• _EXERCISE_
Exact retyping of the data: please keep every word and drop each picture.

• _PROVIDED DATA_
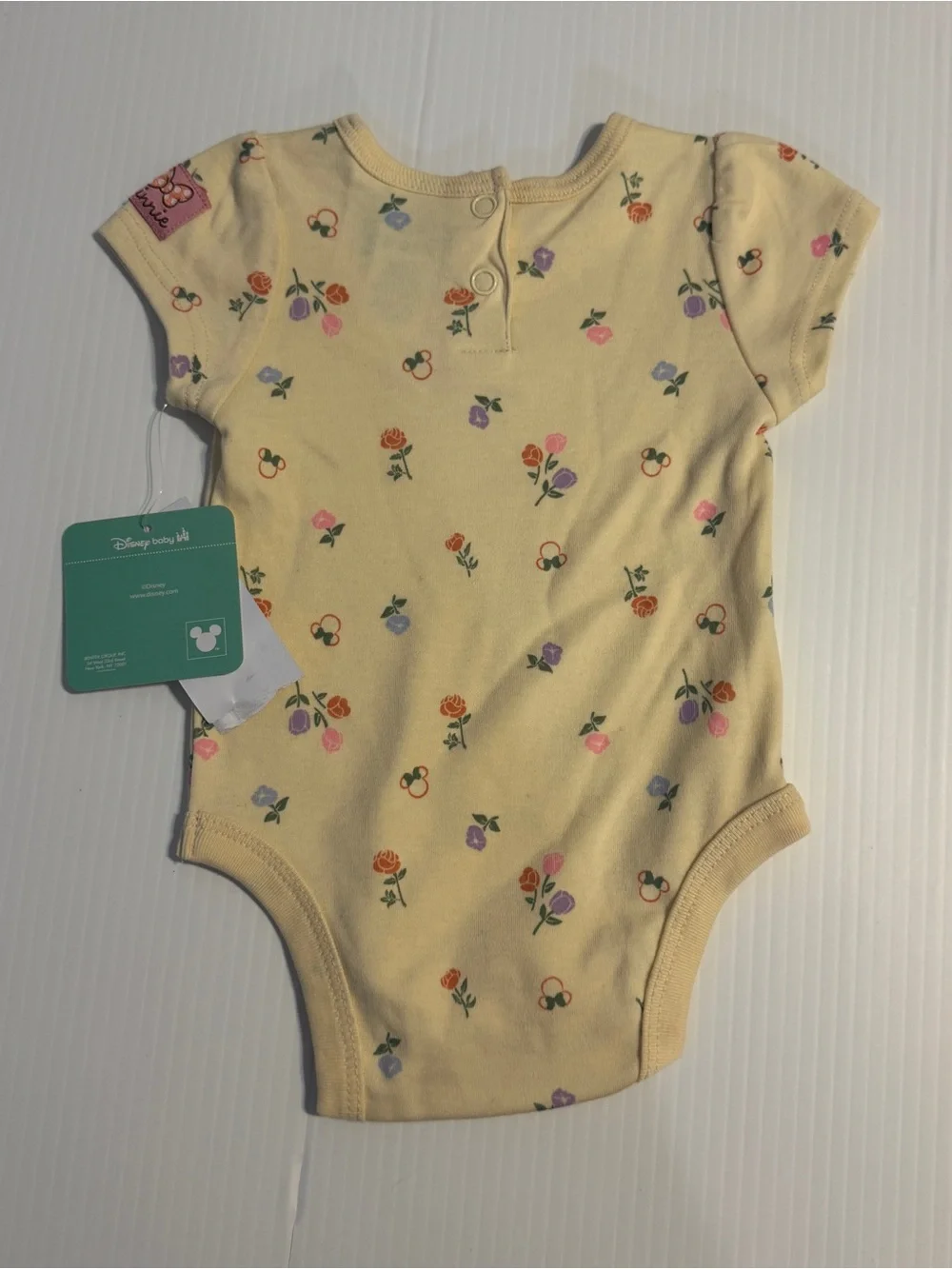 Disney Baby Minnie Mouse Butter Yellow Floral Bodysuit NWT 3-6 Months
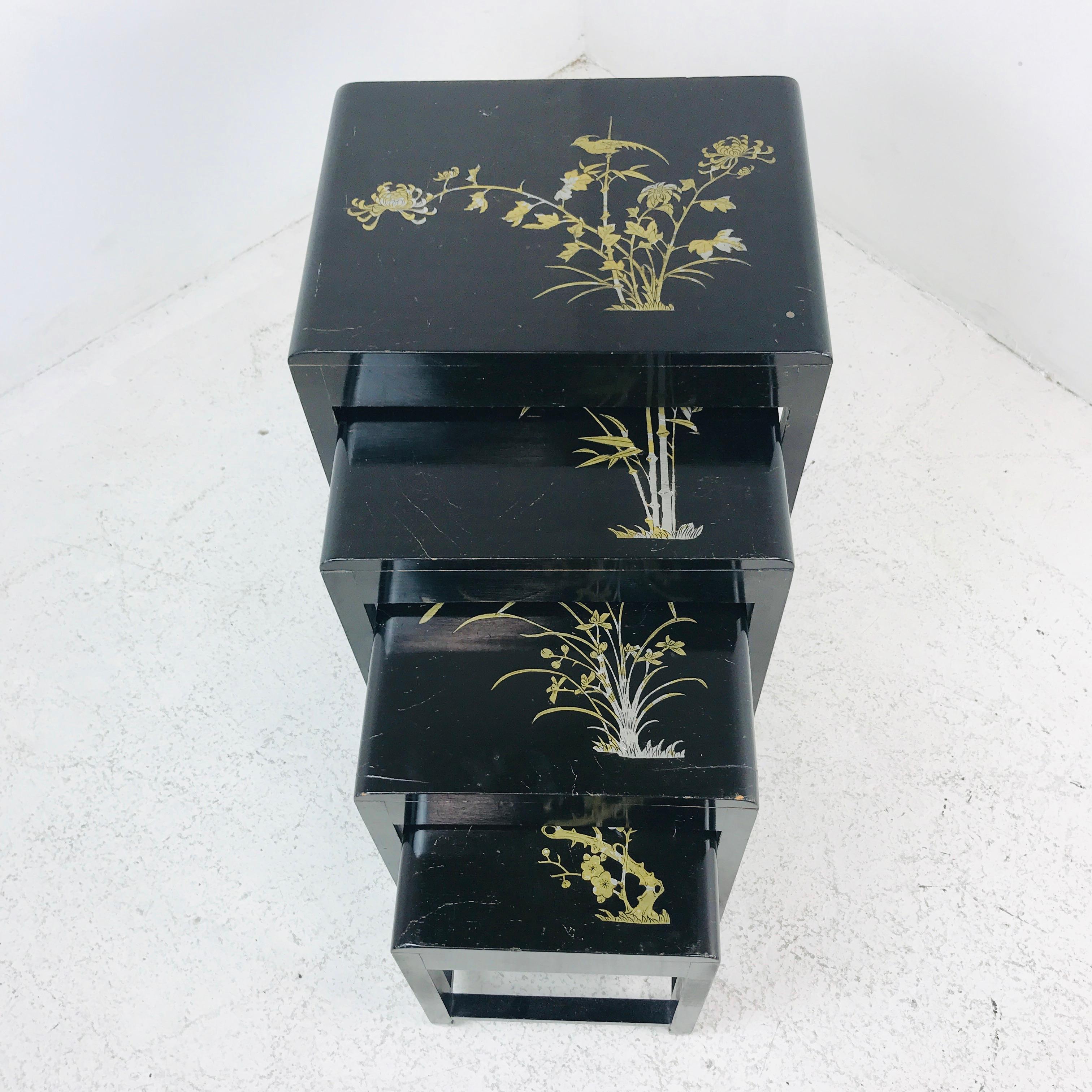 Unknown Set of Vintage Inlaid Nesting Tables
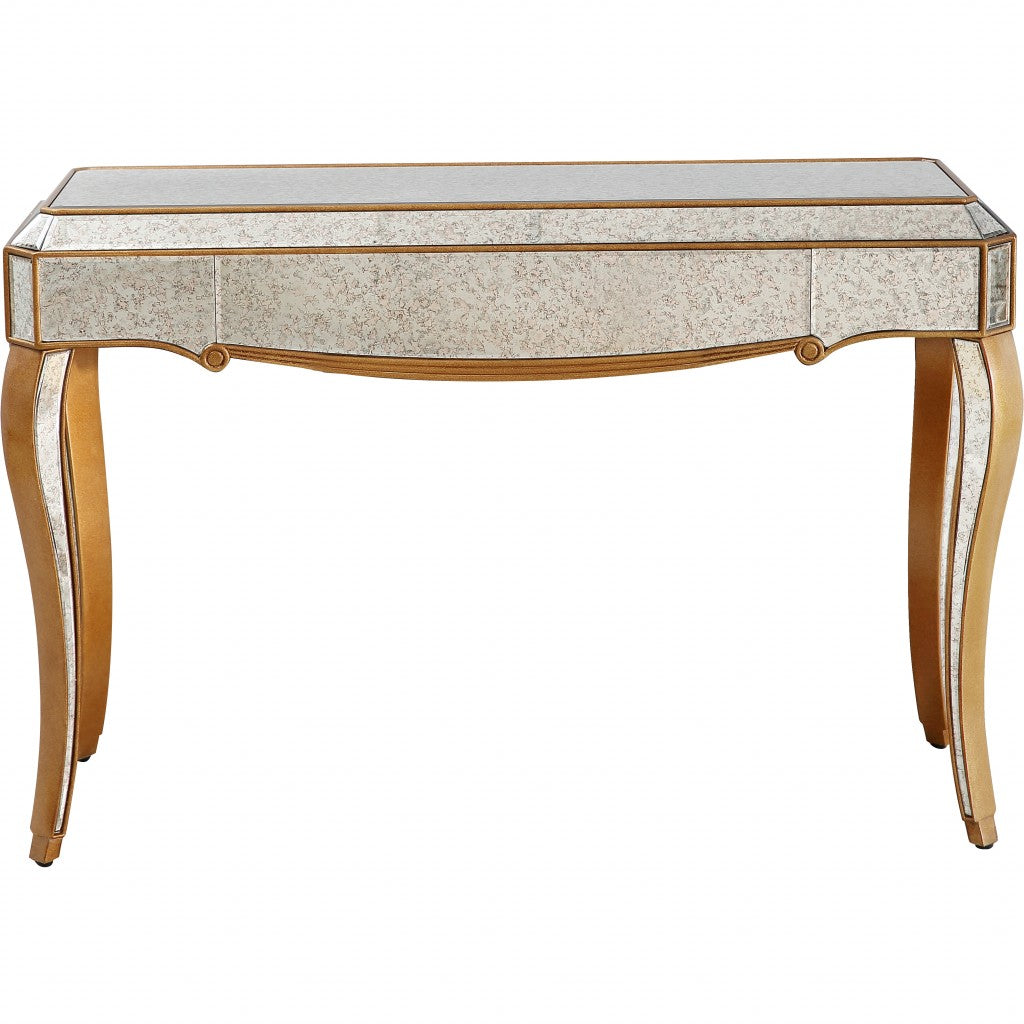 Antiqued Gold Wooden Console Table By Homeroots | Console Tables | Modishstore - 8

• _YOUR SOLUTION_
 Disney Baby Minnie Mouse Butter Yellow Floral Bodysuit NWT 3-6 Months
 Unknown Set of Vintage Inlaid Nesting Tables
 Antiqued Gold Wooden Console Table By Homeroots | Console Tables | Modishstore - 8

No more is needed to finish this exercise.